Altınörs: Demokratik Modernite zamanıdır

Ekonomist Alp Altınörs, salgının, kapitalist modernitenin iflasını sergilediğini belirterek, “Şimdi demokratik ve sosyalist modernitenin savunucuları daha güçlü biçimde sahne almalı” dedi.

Doğayla uyumlu, toplumsal, planlı, üretken ve cinsiyet eşitlikçi yeni bir ekonominin zamanının geldiğini kaydeden ekonomist Alp Atınörs, kar hırsı bütün gezegeni yok etmeden toplum için üretime geçilmesi gerektiğini söyledi.

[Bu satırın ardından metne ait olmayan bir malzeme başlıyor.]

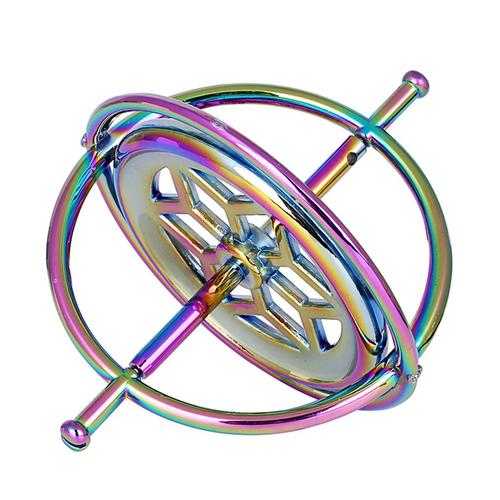 陀螺仪技术示意图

‘İmkansız Sermaye’ adlı kitabıyla kapitalizmin varoluşsal bunalımını ele alan ekonomist Alp Altınörs, Türkiye ve dünyada yaşanan ekonomik krizi ANF’ye değerlendirdi. Halkların Demokratik Partisi (HDP) PM Üyesi Alp Altınörs’ün değerlendirmeleri şöyle:

“2019 boyunca dünya ekonomisinde yavaşlama eğilimi belirgin biçimde görülüyordu. Otomotiv sektöründeki daralma, dünya ekonomisini yavaşlatan başlıca etkendi. 2020’de dünya ekonomisinin yüzde 1-2 düzeyinde yeni bir daralmaya doğru gittiği yönünde öngörüler oldukça yaygındı. Buna ABD-Çin ve Japonya-Güney Kore arasındaki ticaret savaşları eşlik ediyordu. Ticaret savaşları ise dünya ticaretini daraltarak durgunluk eğilimini daha da derinleştiriyordu. Daha 2019 kapanmadan İtalya, Almanya, Britanya, Singapur, Güney Kore, Türkiye gibi pek çok ekonomide durgunluk görülüyordu. Nihayetinde, 2008’de ABD’de başlayan, 2011’de Avro bölgesi krizine dönüşen küresel kapitalist bunalımın, inişli çıkışlı uzun bir durgunlukla sürdüğü 12 yılın ardından, dünya ekonomisinin canlanma evresine geçmeden tekrar daralma aşamasına geçeceği belli olmuştu. Kriz-durgunluk-yeniden kriz sarmalı, aslında kapitalist ekonomide bir uzun bunalımın varlığını ortaya koyuyordu.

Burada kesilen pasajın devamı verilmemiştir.